An dieser Zurichtung mitzuwirken, verweigert sich das Sprecher-Ich des »Lieds vom Klassenfeind«. Von den Versprechungen der bürgerlichen Republik ­hatte es sich zeitweise einlullen lassen, der Faschismus aber öffnete ihm die Augen. Im »Lied vom SA-Mann«, das Brecht ebenfalls in den Band aufnahm, läuft der Sprecher gutgläubig in den Reihen der Nazis mit. Die zehnte Strophe stellt ein solches Verhalten als dumm und im Grunde wider die Natur dar: »Und wer ihnen da geglaubt hat / Dass sie seine Freunde sind / Der hat eben dann erwartet / Dass der Regen nach oben rinnt.«

»Lieder Gedichte Chöre« erschien mit einer 32seitigen Notenbeilage. Als »Volkslieder des Proletariats« (Hanns Eisler) sollten die Kampflieder auch gesungen werden. Wie gut das insbesondere beim »Lied vom Klassenfeind« funktioniert, lässt sich anhand der Aufnahmen von Ernst Busch nachvollziehen. Aufgrund der Brechtschen Wiederholungs- und Verdopplungstechnik vermittelt sich der beschwörend-drängende Charakter des Lieds aber auch beim Lesen.

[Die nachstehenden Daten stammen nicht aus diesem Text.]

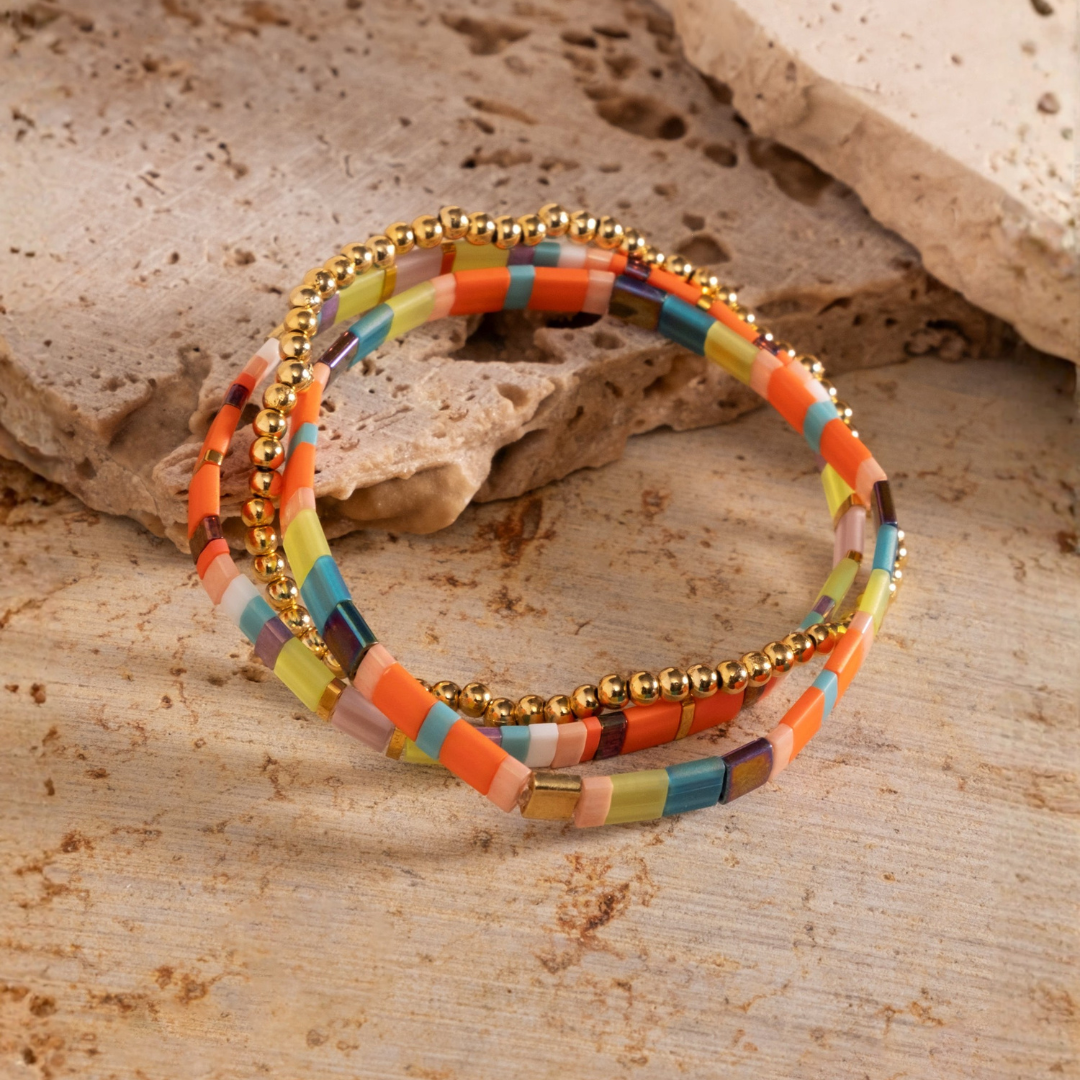 Set of 3 Miyuki Tila Bracelets (Aqua /Orange)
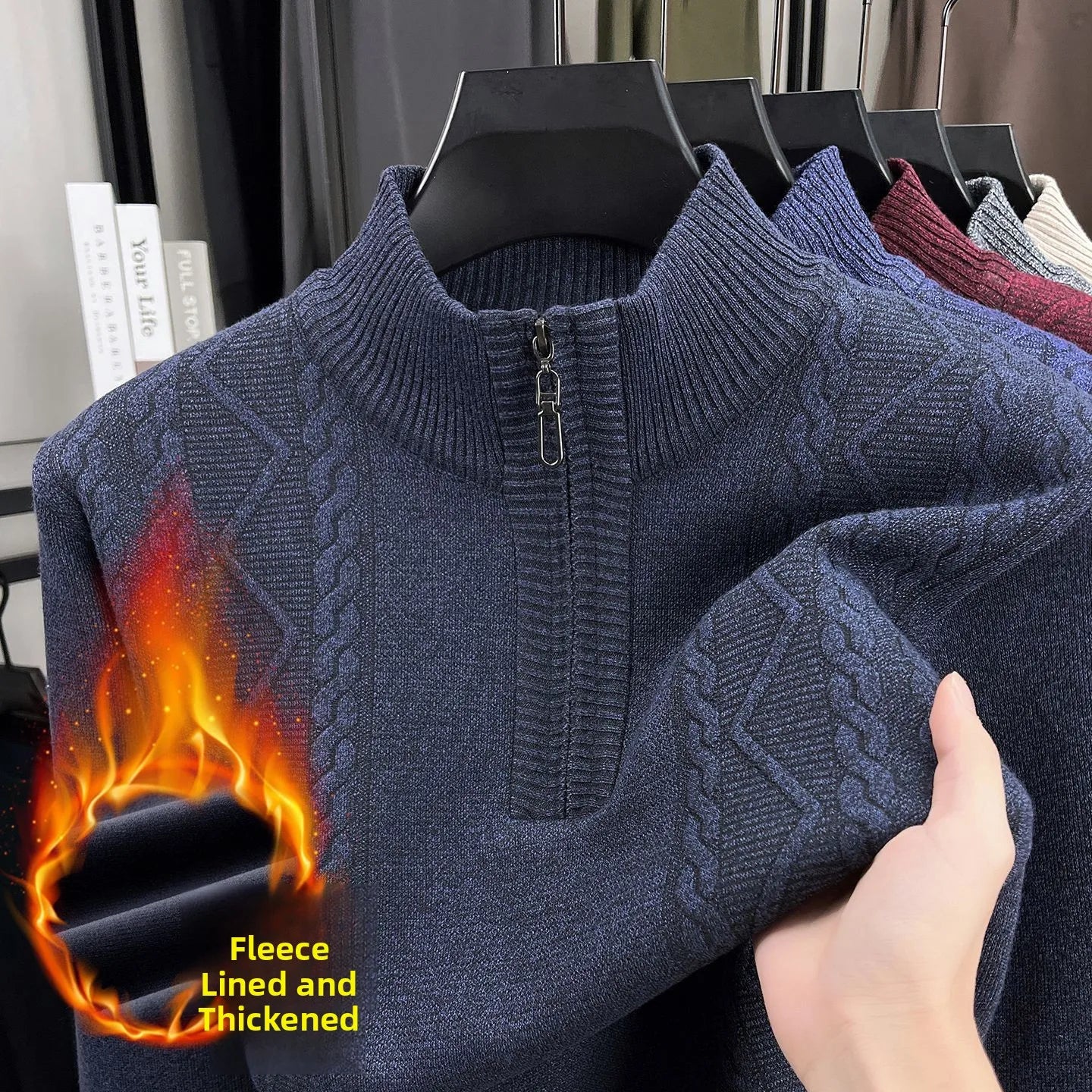 Pull Tricoté en Polaire avec Col Cheminé à Zip - Homme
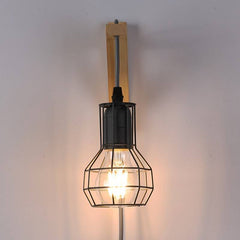 Aplique de pared de madera jaula "MICA" Bombilla incluida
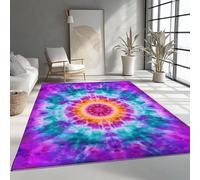Machine Washable Rugs 40x60 cm, Non-Shedding Soft Short Pile Area Rug, Large Fluffy Non-Slip Carpet with Dream Tie-Dye Pattern for Living Room Bedroom Office Dining Room Lounge, Purple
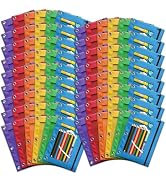 V-Opitos Pencil Pouch for 3 Ring Binder, Bulk 102 Pack 3-Holes Zipper Pencil Pouches in Assorted ...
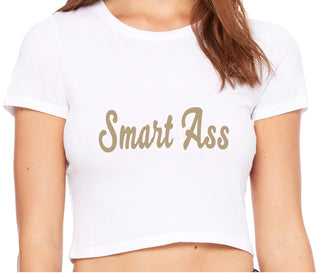 Smart Ass - White Crop Top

Brecht hat Formulierungen gefunden, die haften bleiben: »Wir sind Klassenfeinde, Trommler! / Das deckt dein Getrommel nicht zu! Fabrikant, General und Junker / Unser Feind, das bist du!«

Brecht und Eisler wollten mit »Lieder Gedichte Chöre« Mut für den antifaschistischen Kampf spenden. Ob der Band innerhalb Deutschlands Wirkung entfalten konnte, darf allerdings bezweifelt werden. Wie alle Exilliteratur fand er nur schwer seinen Weg ins »Reich«. Innerhalb der über die Nachbarländer Deutschlands verstreuten Exilgemeinde fanden Brechts Lieder allerdings großen Anklang. Arnold Zweig lobte in den Neuen Deutschen Blättern ihre unbedingte »Brauchbarkeit« bei gleichzeitiger »Schönheit« und sprach ihnen einen »klassischen Wert« zu. Das bürgerliche Feuilleton, aus dessen Mund es in Gestalt von Daniel Kehlmann 2008, anlässlich des 110. Geburtstags Brechts, geheißen hatte, es sei ein großes Glück, »dass die Welt nicht so geworden ist, wie er sie sich gewünscht hat«, erkennt im »Lied vom Klassenfeind« Schrecklichstes. Das spricht unbedingt für den Text, der als politisches Einmaleins bis heute Orientierungskraft gibt. Denn natürlich stehen wir immer noch im Regen.